Polish Meat-Filled Potato Dumplings
Pyzy z Mięsem
Pyzy z Mięsem are traditional Polish potato dumplings, characterized by their soft, slightly chewy texture and a savory minced meat filling. Made from a combination of cooked and raw potato dough, these dumplings are typically boiled and served with a side of fried onions and a dollop of sour cream or mustard, making for a hearty and comforting meal.

🧂 Ingredients
- For the Dough:
- 1 kg Boiled potatoes, mashed
- 500 g Raw potatoes, grated
- 1 cup Potato flour (or all-purpose flour)
- 1 Egg
- 1 tsp Salt
- For the Filling:
- 400 g Ground pork or beef (or a mix)
- 1 medium Onion, finely chopped
- 2 cloves Garlic, minced
- 1 tsp Dried marjoram
- to taste Salt and black pepper
- 2 tbsp Oil for frying
- For Serving:
- 3 tbsp Butter
- 1 medium Onion, sliced
- for serving Sour cream or mustard
👨🍳 Instructions
- 1
Prepare the filling: Heat oil in a skillet over medium heat. Add the finely chopped onion and sauté until translucent. Add the ground meat, minced garlic, marjoram, salt, and pepper. Cook, breaking up the meat with a spoon, until browned and cooked through. Drain off any excess fat and set aside to cool.

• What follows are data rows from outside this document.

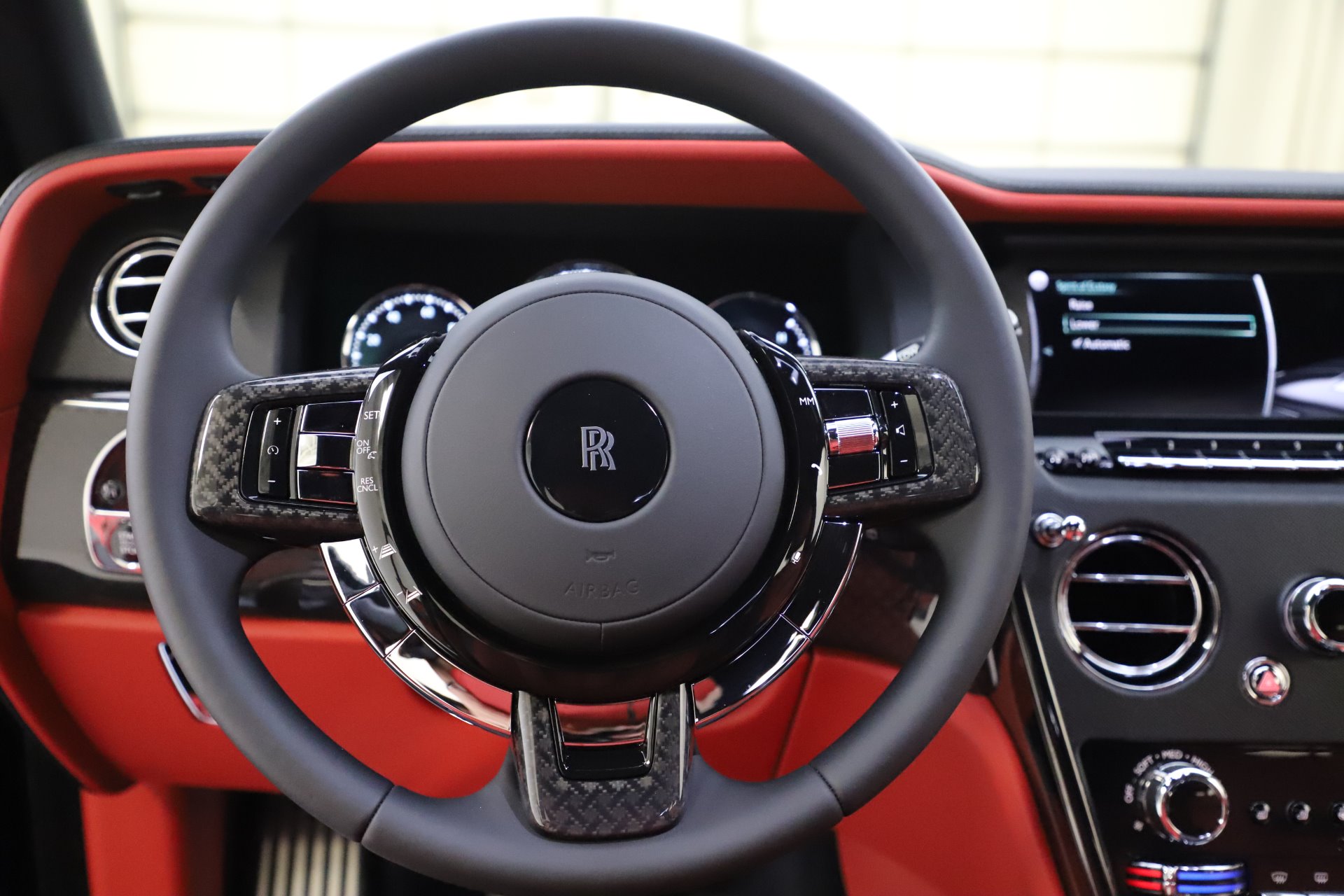 2020 Rolls-Royce Cullinan Black Badge, 13/20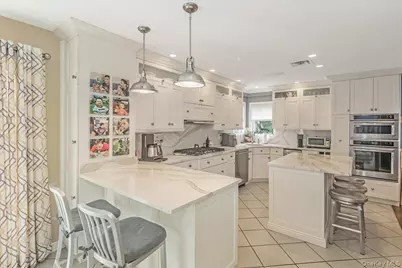 922 N 1st Street, New Hyde Park, NY 11040 - Photo 9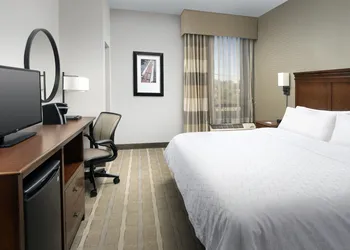 Holiday Inn Express Boston North-Woburn by IHG hotel thumbnail 6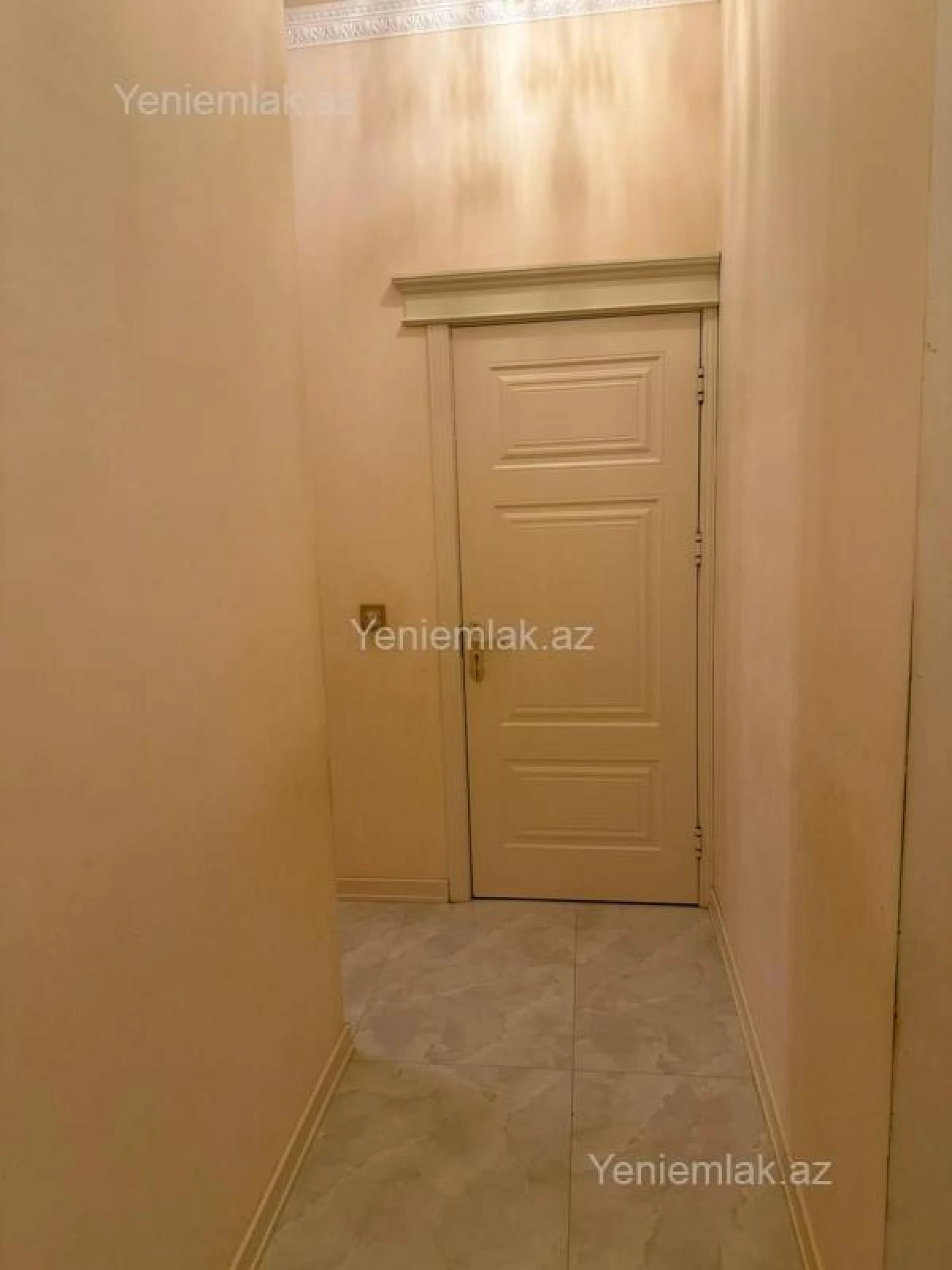 Satılır 3 otaqlı yeni tikili 120 m²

💡 Tip: Using a mix of pork and beef provides a richer flavor and better texture for the filling. - 2
Prepare the dough: Squeeze the grated raw potatoes through a cheesecloth or fine-mesh sieve to remove most of the liquid (reserve the liquid). In a large bowl, combine the mashed boiled potatoes, the squeezed raw potato pulp, potato flour, egg, and salt. Mix until a cohesive dough forms. If the dough is too sticky, add a little more potato flour or the reserved potato liquid.
💡 Tip: The raw potato adds a unique texture to the dumplings. Squeezing out excess liquid is crucial to prevent a gummy dough. - 3
Form the dumplings: Take a portion of the dough (about the size of a golf ball) and flatten it in your palm to form a disk. Place about 1-2 tablespoons of the meat filling in the center. Carefully fold the dough edges up and around the filling, sealing it completely to form a round dumpling. Roll gently between your palms to smooth the shape.
💡 Tip: Work quickly as the dough can become sticky. Lightly flour your hands if needed. - 4
Cook the dumplings: Bring a large pot of salted water to a rolling boil. Gently drop the dumplings into the boiling water, being careful not to overcrowd the pot (cook in batches if necessary).
💡 Tip: Boiling water is essential for the dumplings to cook properly and not stick together. - 5
Once the dumplings float to the surface, continue to cook for another 3-5 minutes. They should be cooked through.
💡 Tip: The floating indicates they are cooked internally, but a few extra minutes ensure the dough is fully done. - 6
Remove the dumplings with a slotted spoon and drain well. While the dumplings are cooking, melt butter in a skillet and sauté the sliced onion until golden brown and caramelized.
💡 Tip: Caramelized onions add a sweet and savory depth to the dish. - 7
Serve the pyzy hot, topped with the sautéed onions, and a dollop of sour cream or a spoonful of mustard.
💡 Tip: Pyzy z Mięsem are best enjoyed immediately after cooking.
💡 Pro Tips
- ✓If you can't find potato flour, all-purpose flour can be used, but the texture might be slightly different.
- ✓Leftover cooked meat from a Polish roast or soup (like Rosół) can be used for the filling.
- ✓Freezing uncooked pyzy: Place formed dumplings on a baking sheet lined with parchment paper and freeze until solid. Transfer to a freezer bag. Cook from frozen, adding a few extra minutes to the boiling time.
✨ Twist Ideas
Inspiration for your own version of this recipe
- For a vegetarian version, omit the meat filling and use a mushroom or sauerkraut filling instead.
- Add a pinch of caraway seeds to the filling for an extra layer of flavor.
- Serve with a drizzle of melted bacon fat for added richness.